It’s huge and it’s boxy, but this humidifier is designed to humidify an entire house–up to 2,500 square feet. Using an evaporative scheme and unheated, natural, evaporated water, this humidifier requires less energy than warm mist or steam units. You likewise won’t have to deal with white dust, spray, or mist on furniture or floors. Other gains of the evaporative system include: relief from sensations or changes of arid skin, itchy eyes, chapped lips, and scratchy throat; it prevents plants and furniture from getting overly dry; and scaled down static electricity protects computers and electronics. This humidifier’s water bottle holds 5 gallons and disperses up to 12 gallons of water per day, refilling effortlessly and neatly in the sink by way of an included hose. Cleaning the rest of the appliance is just as simple: the power unit lifts off the top of the humidifier for easy cleaning and servicing, while the evaporative wick, which filters out solid homogeneous inorgani substance deposits, likewise lifts out for replacing. Controls are concealed behind a panel on the top of the unit. Select a preferent humidity from the humidistat dial and this model will mechanically turn itself on and off to maintain the chosen humidity level. In addition, the humidifier’s fan offers three settings. This humidifier measures 24 by 13-1/2 by 22 inches, with casters on the bottom for easy rolling from room to room. Bemis covers this unit underneath a one-year fixed warranty. –Cristina Vaamonde
Whole House Humidifier
Console style whole house evaporative humidifier, contemporary style, full-size performance in a midsize humidifier. Midsize makes this humidifier popular, automatic humidistate maintains optimun humidity level, refill light, automatic shutoff, 12 gallons of output per day, humidifies 2500 sq ft. 3-speed fan ,5.0 gal water-holding capacity, easy-fill water bottle with refill hose, Bemis patented super wick, removebale power pack for easy cleaning, ez-roll casters, 24×131/2×22, 22.5lbs. Color-Oak Burl
A whole house humidifier or furnace mounted whole house humidifier is just another example of an exceedingly neglected element of our house – on top of a brick chimney, an attic, and a crawlspace, which fall into the same basket.
If you’re not going to maintain it, it’s probably a bad idea to get a whole house humidifier. Since it is attached to a forced air heating system that constantly circulates air allround the house, poor maintenance may invent surroundings attracting mold growth and support reproduce of dust mites.

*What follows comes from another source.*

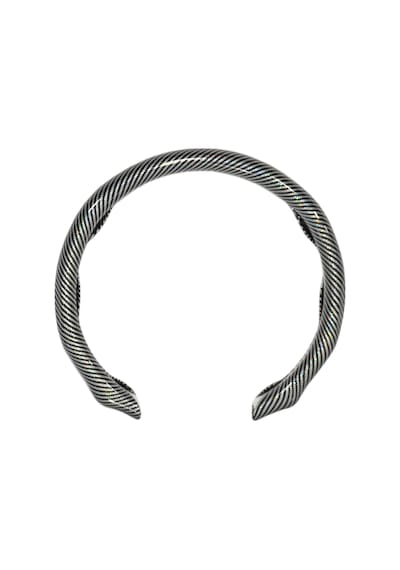 Carub Fiber Direksiyon Kılıfı Karbon Uzun Silver Br1850123 Gri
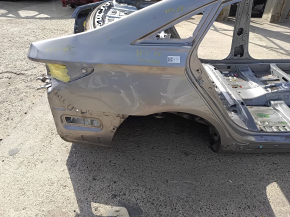 Rear right quarter wing for Hyundai Sonata 11-15, silver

Properly operating and preserving a whole house humidifier helps us relieve numerous physical discomforts affiliated with cold / arid weather, including respiratory troubles and arid skin and lips. It also lowers or totally does away with static electricity, cosmetic wall trim separations, cracks in finishes, separating hardwood floor boards, etc. The trick is to remainder the amount of moisture in your home at such a level which will gain your health, living environment, and save energy rather of creating conditions which now and again cause mold or other biological organism growth (excessive moisture could do that). And for proper humidity balancing, you either have to observe and monitor your environment, or buy an electronic device which will do it for you. In general, the humidity in your house will have to not exceed 50% (35% – 50% is the most comfortable). Higher levels will normally formulate condensation on windows, at times on walls and ceiling surfaces, or possible mold and mildew growth.
No matter how innovative the whole house humidifier scheme installed on your property is – it will require regular maintenance because it won’t work the right way or at all without it. The truth is – I seldom see one decently maintained or even operating at all.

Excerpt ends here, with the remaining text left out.